_ASSIGNMENT_.
Starting at the first line of the data below, write out each line exactly until you reach the line containing "Strawberry Chocolate Trend", and include that line too.

** DATA follows **

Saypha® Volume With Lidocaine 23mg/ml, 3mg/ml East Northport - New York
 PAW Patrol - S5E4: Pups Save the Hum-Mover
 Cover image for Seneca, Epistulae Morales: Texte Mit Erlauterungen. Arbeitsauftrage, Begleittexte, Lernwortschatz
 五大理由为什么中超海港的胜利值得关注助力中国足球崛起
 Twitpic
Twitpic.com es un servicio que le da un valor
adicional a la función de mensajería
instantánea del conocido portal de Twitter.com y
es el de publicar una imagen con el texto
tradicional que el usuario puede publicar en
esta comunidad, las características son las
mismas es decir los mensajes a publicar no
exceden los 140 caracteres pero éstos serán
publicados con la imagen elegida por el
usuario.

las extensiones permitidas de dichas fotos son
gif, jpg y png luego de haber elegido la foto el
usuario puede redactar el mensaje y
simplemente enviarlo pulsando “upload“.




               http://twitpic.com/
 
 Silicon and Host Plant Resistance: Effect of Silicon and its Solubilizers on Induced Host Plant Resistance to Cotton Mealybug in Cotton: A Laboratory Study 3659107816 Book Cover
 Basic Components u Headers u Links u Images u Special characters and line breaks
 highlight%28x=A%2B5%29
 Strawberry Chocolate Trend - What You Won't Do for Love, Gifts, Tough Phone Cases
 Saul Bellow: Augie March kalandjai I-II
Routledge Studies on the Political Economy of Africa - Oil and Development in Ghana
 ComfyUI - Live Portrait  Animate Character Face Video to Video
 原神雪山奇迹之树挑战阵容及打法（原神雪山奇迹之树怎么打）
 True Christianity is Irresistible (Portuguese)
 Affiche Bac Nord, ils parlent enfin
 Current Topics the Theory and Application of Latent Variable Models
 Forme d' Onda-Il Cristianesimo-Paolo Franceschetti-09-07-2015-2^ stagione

** End of DATA **

_WRITTEN SOLUTION_.
Saypha® Volume With Lidocaine 23mg/ml, 3mg/ml East Northport - New York
 PAW Patrol - S5E4: Pups Save the Hum-Mover
 Cover image for Seneca, Epistulae Morales: Texte Mit Erlauterungen. Arbeitsauftrage, Begleittexte, Lernwortschatz
 五大理由为什么中超海港的胜利值得关注助力中国足球崛起
 Twitpic
Twitpic.com es un servicio que le da un valor
adicional a la función de mensajería
instantánea del conocido portal de Twitter.com y
es el de publicar una imagen con el texto
tradicional que el usuario puede publicar en
esta comunidad, las características son las
mismas es decir los mensajes a publicar no
exceden los 140 caracteres pero éstos serán
publicados con la imagen elegida por el
usuario.

las extensiones permitidas de dichas fotos son
gif, jpg y png luego de haber elegido la foto el
usuario puede redactar el mensaje y
simplemente enviarlo pulsando “upload“.




               http://twitpic.com/
 
 Silicon and Host Plant Resistance: Effect of Silicon and its Solubilizers on Induced Host Plant Resistance to Cotton Mealybug in Cotton: A Laboratory Study 3659107816 Book Cover
 Basic Components u Headers u Links u Images u Special characters and line breaks
 highlight%28x=A%2B5%29
 Strawberry Chocolate Trend - What You Won't Do for Love, Gifts, Tough Phone Cases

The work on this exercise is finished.